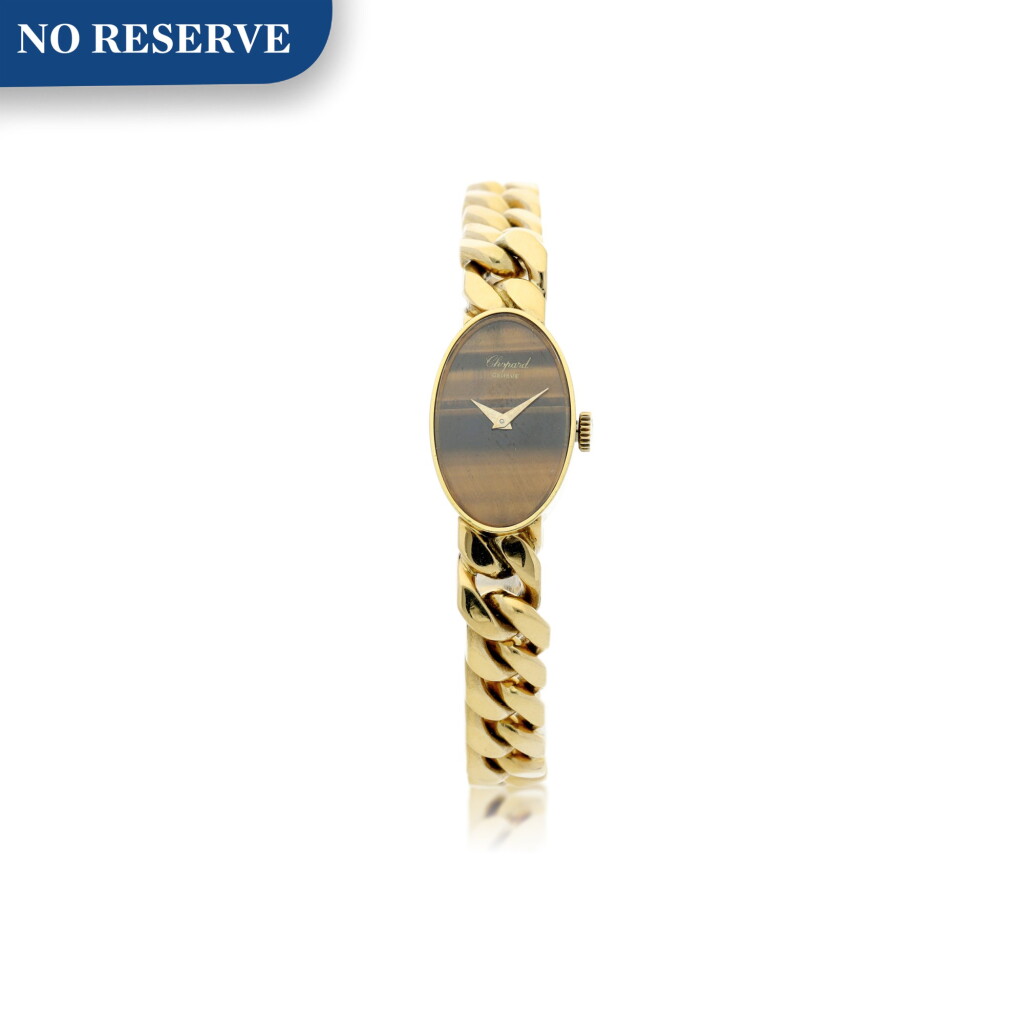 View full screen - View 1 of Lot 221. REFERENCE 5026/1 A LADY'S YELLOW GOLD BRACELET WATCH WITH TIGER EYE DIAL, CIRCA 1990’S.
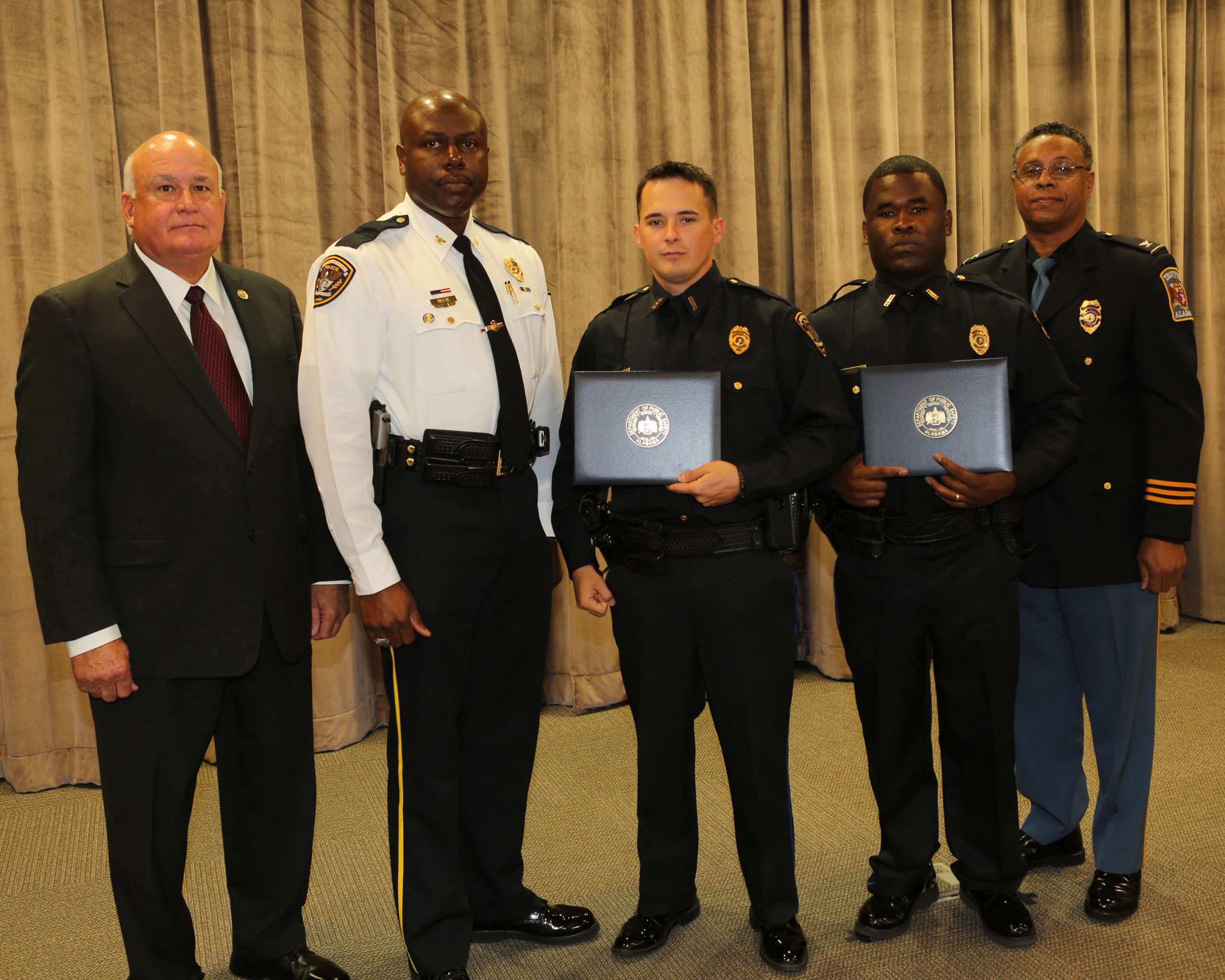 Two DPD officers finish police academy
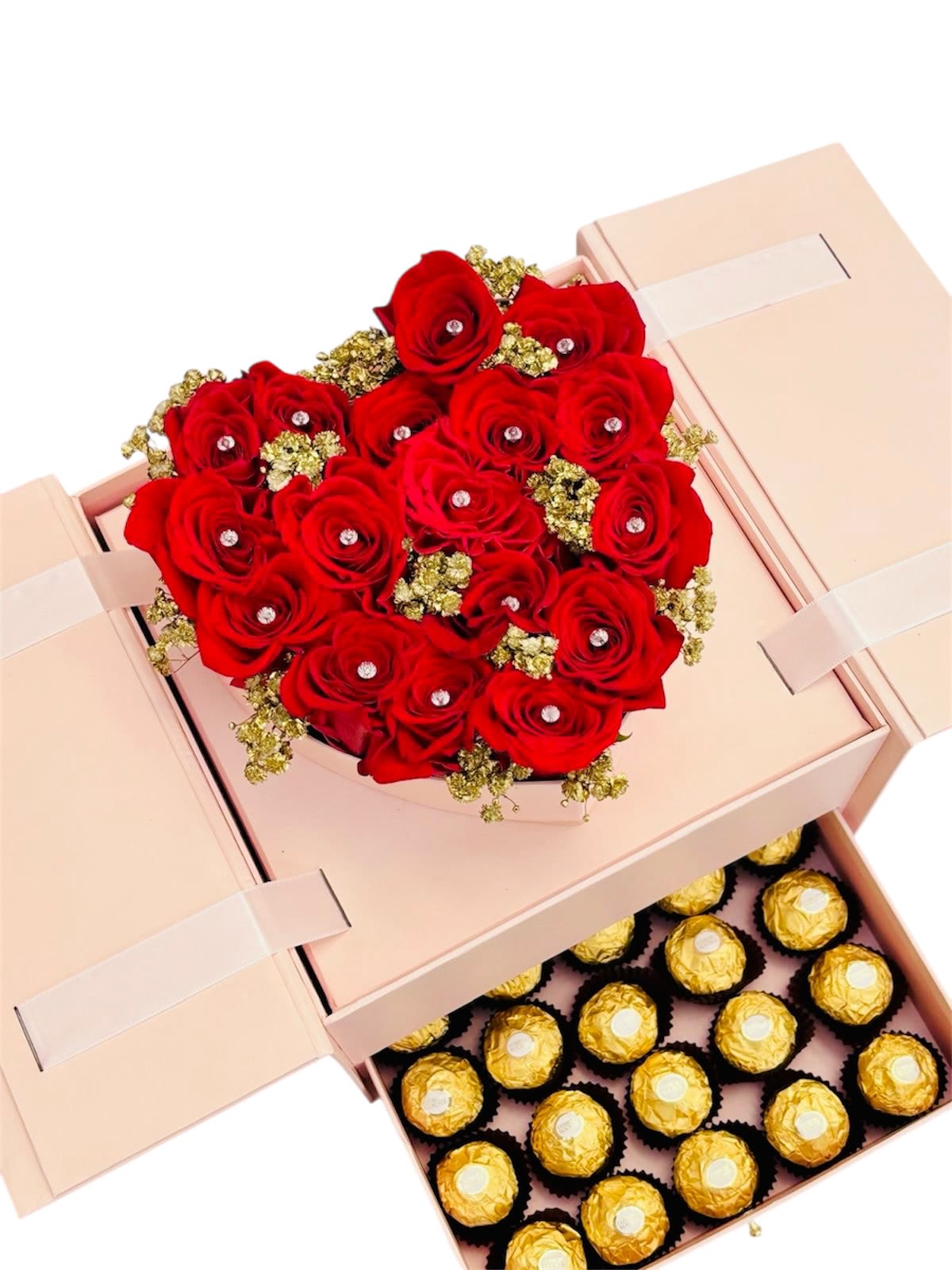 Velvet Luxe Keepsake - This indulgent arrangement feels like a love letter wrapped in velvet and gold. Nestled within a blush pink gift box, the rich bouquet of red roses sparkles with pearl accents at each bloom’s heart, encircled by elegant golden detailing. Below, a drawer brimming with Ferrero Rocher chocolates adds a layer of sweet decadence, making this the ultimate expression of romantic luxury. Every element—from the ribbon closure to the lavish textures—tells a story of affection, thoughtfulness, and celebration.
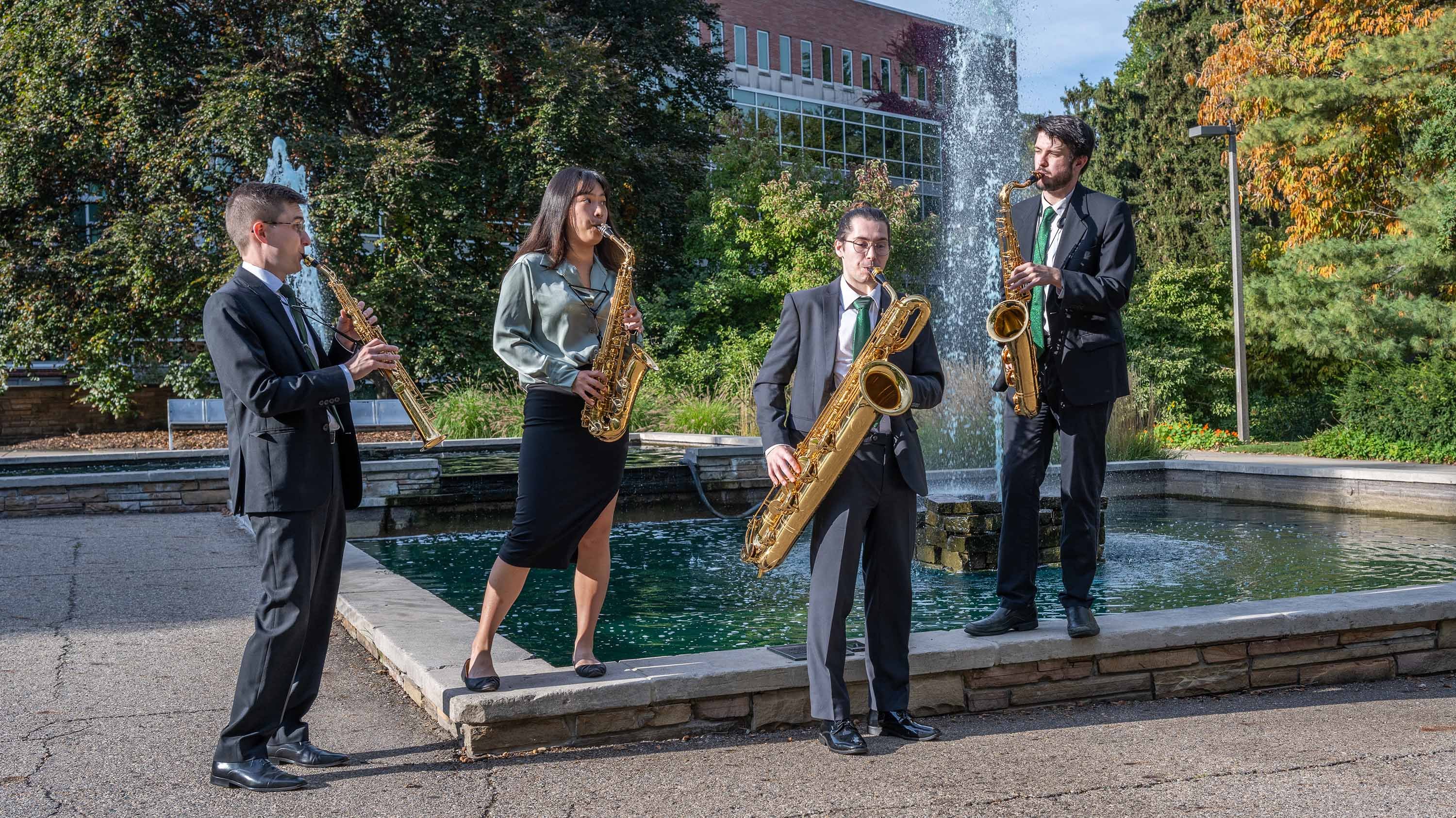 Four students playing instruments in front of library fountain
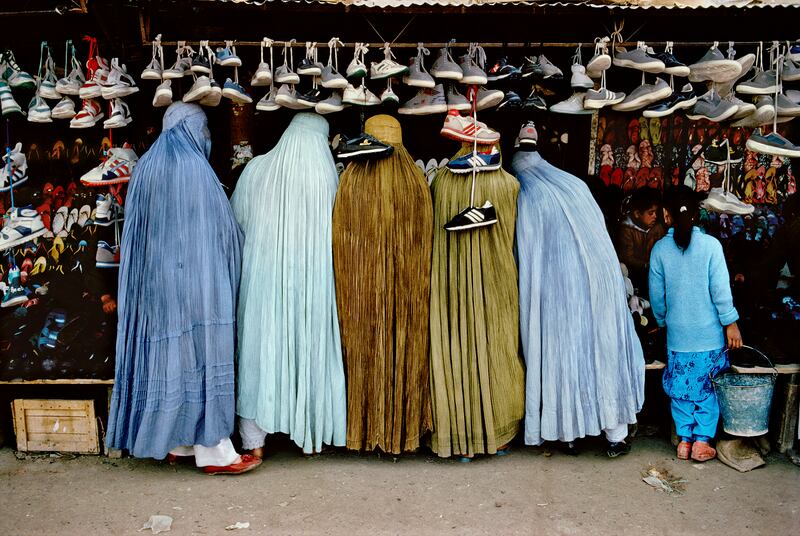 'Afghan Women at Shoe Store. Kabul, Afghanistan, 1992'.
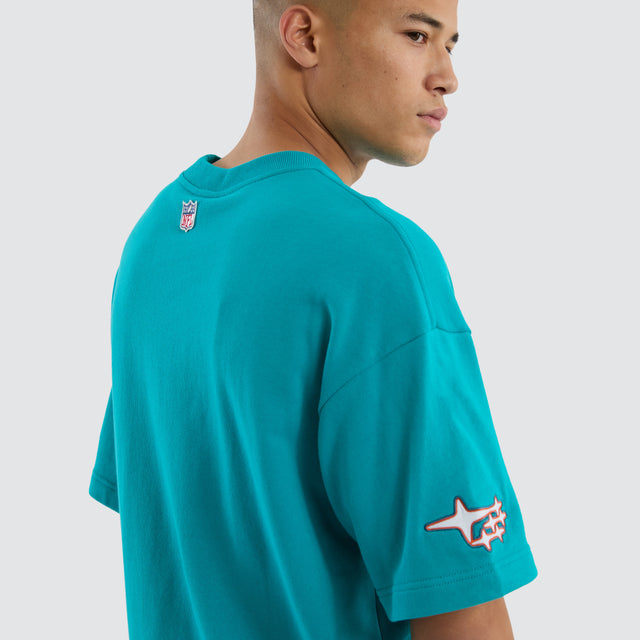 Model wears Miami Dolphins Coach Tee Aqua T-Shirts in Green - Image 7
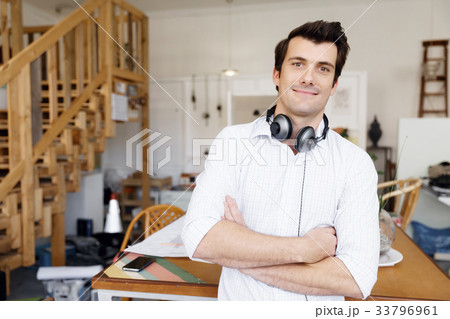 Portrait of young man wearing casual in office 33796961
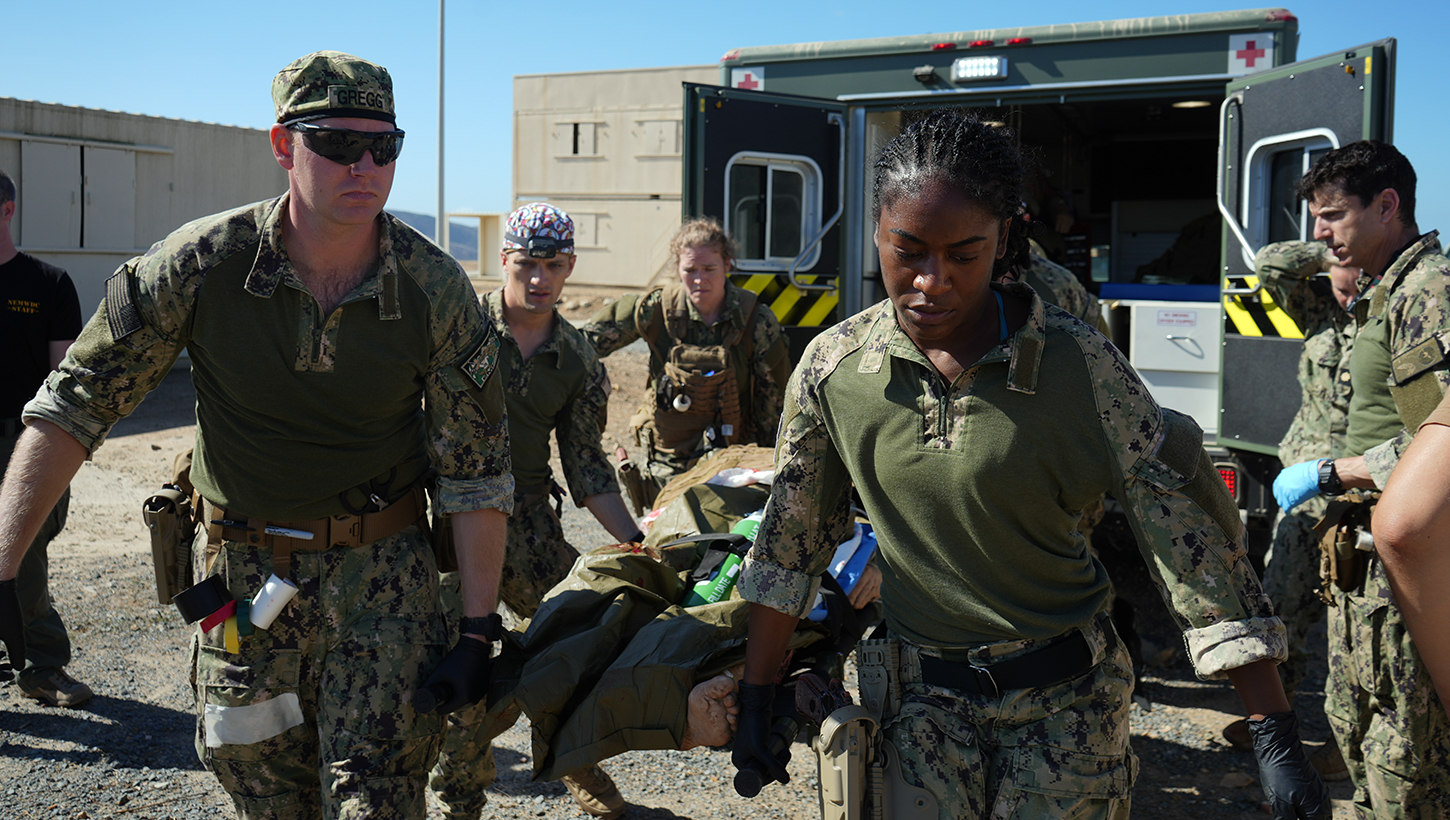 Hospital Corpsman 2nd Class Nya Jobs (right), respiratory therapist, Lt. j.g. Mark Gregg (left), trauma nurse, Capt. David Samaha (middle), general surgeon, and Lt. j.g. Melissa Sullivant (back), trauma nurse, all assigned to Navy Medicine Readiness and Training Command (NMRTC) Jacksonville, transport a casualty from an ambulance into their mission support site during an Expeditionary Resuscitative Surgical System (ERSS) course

Goal of the exercise:
Only the lines from the start of the records through the line containing "Two DPD officers finish police academy" should be repeated, word for word, with the pictures left out.

Output:
 View full screen - View 1 of Lot 221. REFERENCE 5026/1 A LADY'S YELLOW GOLD BRACELET WATCH WITH TIGER EYE DIAL, CIRCA 1990’S.
 Two DPD officers finish police academy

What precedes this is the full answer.